COLLECTED MATERIAL →
---+---
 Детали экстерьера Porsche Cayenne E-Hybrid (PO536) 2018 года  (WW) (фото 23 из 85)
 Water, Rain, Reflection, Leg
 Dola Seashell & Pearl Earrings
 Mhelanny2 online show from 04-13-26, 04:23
---+---
Every line of the material above is to be copied exactly.

RESULT BELOW →
 Детали экстерьера Porsche Cayenne E-Hybrid (PO536) 2018 года  (WW) (фото 23 из 85)
 Water, Rain, Reflection, Leg
 Dola Seashell & Pearl Earrings
 Mhelanny2 online show from 04-13-26, 04:23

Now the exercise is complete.